After 12 years as the Gopher Women’s Basketball Head Coach, Pam Borton was fired this past Friday.
The announcement reportedly came the day after the Gophers’ 70 – 62 NIT loss to the Jackrabbits of South Dakota State University last Thursday.
Borton, 48, finished her tenure with an overall record of (236 – 152) — however, her greatest success with the Gophers occurred in her first few years with the program.
In her first three seasons as the head coach of the Gophers, Borton lead the team to two Sweet Sixteen appearances (in 2003 and 2005) and a memorable Final Four run in 2004. That particular team featured standouts Lindsay Whalen and Janel McCarville, and caused scores of Minnesota sports fans to pay close attention to the team for the first time in years.
Since 2005, the results have been less than impressive for the Gopher women — they’ve made it into the NCAA Tournament just three times in eight years, failing to advance past the second round each time (they lost in their opening game twice). In fact, since the 2010 season, the Gophers have not received an invitation back to the women’s 64-team “Big Dance.”
In addition — and related — to their slumping performance on the court, the decision to part ways with Borton may be tied to the decline in Gopher women’s ticket sales. At the height of their success under Borton — in 2003-2004 — the Gophers drew an average of over 9,700 fans per game to Williams Arena.

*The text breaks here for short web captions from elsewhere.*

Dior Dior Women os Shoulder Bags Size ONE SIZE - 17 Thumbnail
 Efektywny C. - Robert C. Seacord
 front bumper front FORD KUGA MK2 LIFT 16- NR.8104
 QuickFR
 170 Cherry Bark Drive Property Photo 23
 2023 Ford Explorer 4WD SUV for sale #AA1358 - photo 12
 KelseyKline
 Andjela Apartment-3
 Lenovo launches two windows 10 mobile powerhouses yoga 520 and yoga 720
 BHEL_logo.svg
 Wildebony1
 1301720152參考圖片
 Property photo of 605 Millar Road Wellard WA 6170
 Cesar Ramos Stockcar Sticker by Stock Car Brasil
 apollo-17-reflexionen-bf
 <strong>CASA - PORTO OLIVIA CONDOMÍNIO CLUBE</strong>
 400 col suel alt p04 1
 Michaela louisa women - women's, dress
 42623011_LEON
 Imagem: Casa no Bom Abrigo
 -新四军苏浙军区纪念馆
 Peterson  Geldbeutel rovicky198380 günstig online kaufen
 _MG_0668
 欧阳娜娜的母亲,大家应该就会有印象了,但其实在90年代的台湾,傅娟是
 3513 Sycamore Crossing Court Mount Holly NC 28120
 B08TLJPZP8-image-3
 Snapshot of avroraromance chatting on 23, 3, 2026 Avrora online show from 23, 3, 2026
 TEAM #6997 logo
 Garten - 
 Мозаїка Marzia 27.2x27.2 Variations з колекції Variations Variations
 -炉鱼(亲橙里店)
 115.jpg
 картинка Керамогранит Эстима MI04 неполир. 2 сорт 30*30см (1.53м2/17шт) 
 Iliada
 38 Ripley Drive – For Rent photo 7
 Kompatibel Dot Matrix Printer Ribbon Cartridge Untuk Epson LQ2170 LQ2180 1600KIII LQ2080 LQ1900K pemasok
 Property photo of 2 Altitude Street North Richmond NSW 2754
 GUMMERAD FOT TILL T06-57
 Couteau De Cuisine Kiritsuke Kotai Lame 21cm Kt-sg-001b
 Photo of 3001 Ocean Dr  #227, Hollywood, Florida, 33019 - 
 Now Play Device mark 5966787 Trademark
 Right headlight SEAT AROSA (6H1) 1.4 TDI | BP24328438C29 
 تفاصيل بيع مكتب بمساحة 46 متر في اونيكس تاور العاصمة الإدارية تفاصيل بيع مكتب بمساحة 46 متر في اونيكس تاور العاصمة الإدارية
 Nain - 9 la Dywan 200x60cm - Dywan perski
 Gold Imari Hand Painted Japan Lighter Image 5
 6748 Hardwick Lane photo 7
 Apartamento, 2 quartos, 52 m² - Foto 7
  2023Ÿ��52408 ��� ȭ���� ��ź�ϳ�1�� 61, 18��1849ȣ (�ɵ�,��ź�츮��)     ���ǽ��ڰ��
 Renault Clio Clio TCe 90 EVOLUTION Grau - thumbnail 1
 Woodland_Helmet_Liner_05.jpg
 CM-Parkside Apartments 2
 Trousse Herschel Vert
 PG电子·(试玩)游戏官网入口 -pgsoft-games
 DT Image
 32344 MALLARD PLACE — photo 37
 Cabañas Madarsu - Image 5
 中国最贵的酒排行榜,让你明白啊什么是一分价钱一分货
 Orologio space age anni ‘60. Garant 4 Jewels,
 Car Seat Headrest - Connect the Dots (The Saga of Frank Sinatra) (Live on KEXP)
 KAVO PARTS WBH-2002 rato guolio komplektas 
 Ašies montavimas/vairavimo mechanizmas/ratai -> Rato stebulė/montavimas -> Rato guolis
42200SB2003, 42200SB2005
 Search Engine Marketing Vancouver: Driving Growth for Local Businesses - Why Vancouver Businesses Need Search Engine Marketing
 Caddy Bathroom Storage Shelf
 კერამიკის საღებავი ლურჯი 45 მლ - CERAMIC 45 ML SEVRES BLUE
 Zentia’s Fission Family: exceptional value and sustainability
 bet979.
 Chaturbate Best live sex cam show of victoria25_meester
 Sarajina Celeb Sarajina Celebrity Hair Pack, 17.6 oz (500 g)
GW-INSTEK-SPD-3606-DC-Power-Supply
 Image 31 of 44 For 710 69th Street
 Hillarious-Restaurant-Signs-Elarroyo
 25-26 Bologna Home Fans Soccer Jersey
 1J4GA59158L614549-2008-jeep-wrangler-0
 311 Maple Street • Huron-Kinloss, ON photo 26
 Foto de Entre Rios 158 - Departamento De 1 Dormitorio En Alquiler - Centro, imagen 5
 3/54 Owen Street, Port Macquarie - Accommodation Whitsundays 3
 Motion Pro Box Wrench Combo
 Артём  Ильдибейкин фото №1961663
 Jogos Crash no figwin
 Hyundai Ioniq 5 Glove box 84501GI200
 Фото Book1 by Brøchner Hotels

In contrast, average attendance was under 3,200 per game this season.
Borton was under contract through the 2015-2016 season and will receive a $335,000 buyout.
Former Gopher player Kelly Roysland, who has been an assistant under Borton for the last four years will take over as acting head coach during the search for a permanent replacement.
University of Minnesota Athletic Director Norwood Teague sounded optimistic about the the future prospects of the team under the direction of a new coach,
“This is a golden opportunity for a coach. This program has succeeded in the past. We’ve proven we can win. We have unbelievable support… We’re going to have a lot of people interested in this job. I’m looking forward to the candidate pool being very strong. And we’re going to get somebody terrific.’’
Despite failing to live up to the high bar she set back during the ‘Whalen/McCarville Era’ in more recent years, Pam Borton’s shoes may be tough to fill.
Borton has arguably been the most successful overall coach in University of Minnesota Women’s Basketball history. Her 236 career wins as head coach place her atop the Gophers’ all-time list, and she lead the maroon and gold to six of their eight total NCAA Tournament appearances since the program’s inception.